> INSTRUCTIONS FOR THE TASK: Each record that follows should be repeated exactly, with no pictures carried over.

----------------------------------------

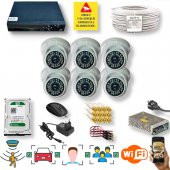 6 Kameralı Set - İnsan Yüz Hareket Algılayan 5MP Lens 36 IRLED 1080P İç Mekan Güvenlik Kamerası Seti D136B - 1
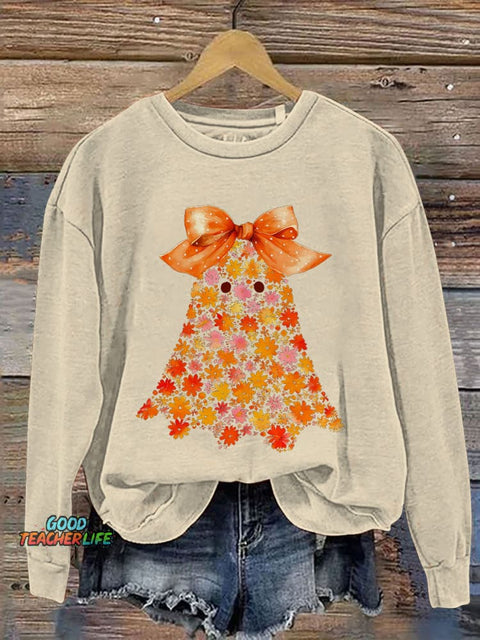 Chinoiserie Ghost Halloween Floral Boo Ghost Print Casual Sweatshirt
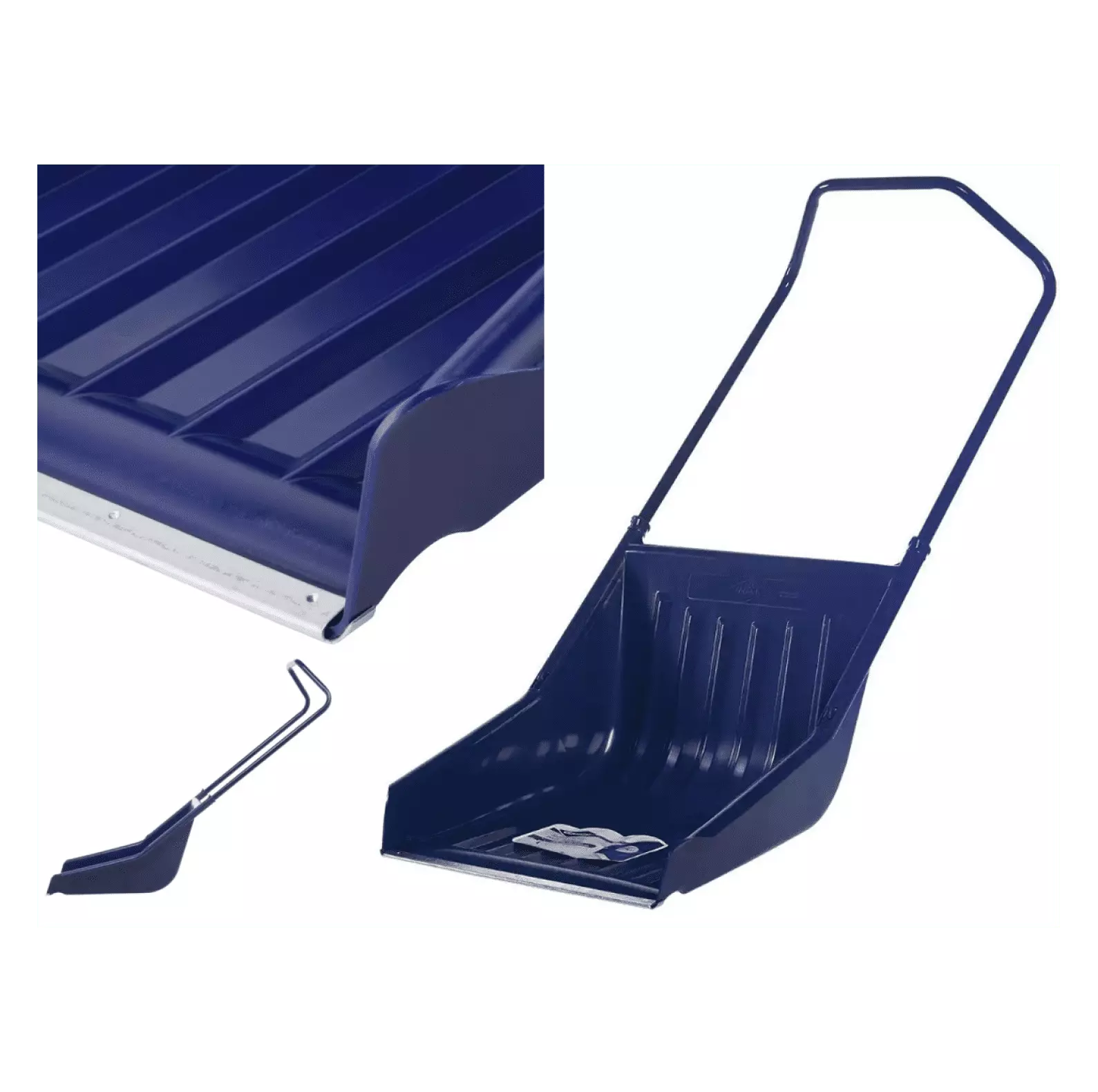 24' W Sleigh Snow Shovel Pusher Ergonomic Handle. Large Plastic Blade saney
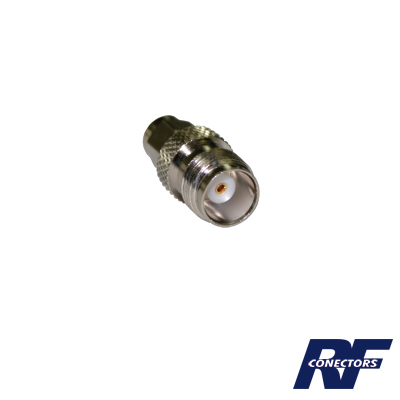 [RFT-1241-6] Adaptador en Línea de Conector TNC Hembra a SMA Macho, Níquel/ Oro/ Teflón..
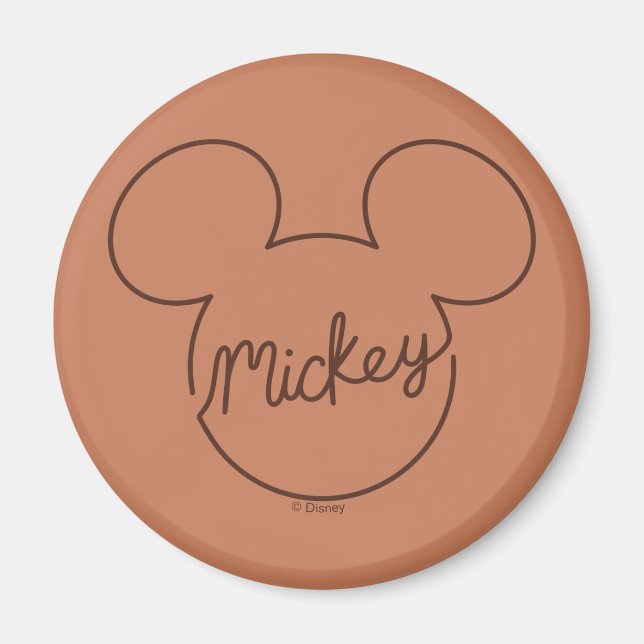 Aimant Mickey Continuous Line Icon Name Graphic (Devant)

----------------------------------------

> COMPLETED EXERCISE:
 6 Kameralı Set - İnsan Yüz Hareket Algılayan 5MP Lens 36 IRLED 1080P İç Mekan Güvenlik Kamerası Seti D136B - 1
 Chinoiserie Ghost Halloween Floral Boo Ghost Print Casual Sweatshirt
 24' W Sleigh Snow Shovel Pusher Ergonomic Handle. Large Plastic Blade saney
 [RFT-1241-6] Adaptador en Línea de Conector TNC Hembra a SMA Macho, Níquel/ Oro/ Teflón..
 Aimant Mickey Continuous Line Icon Name Graphic (Devant)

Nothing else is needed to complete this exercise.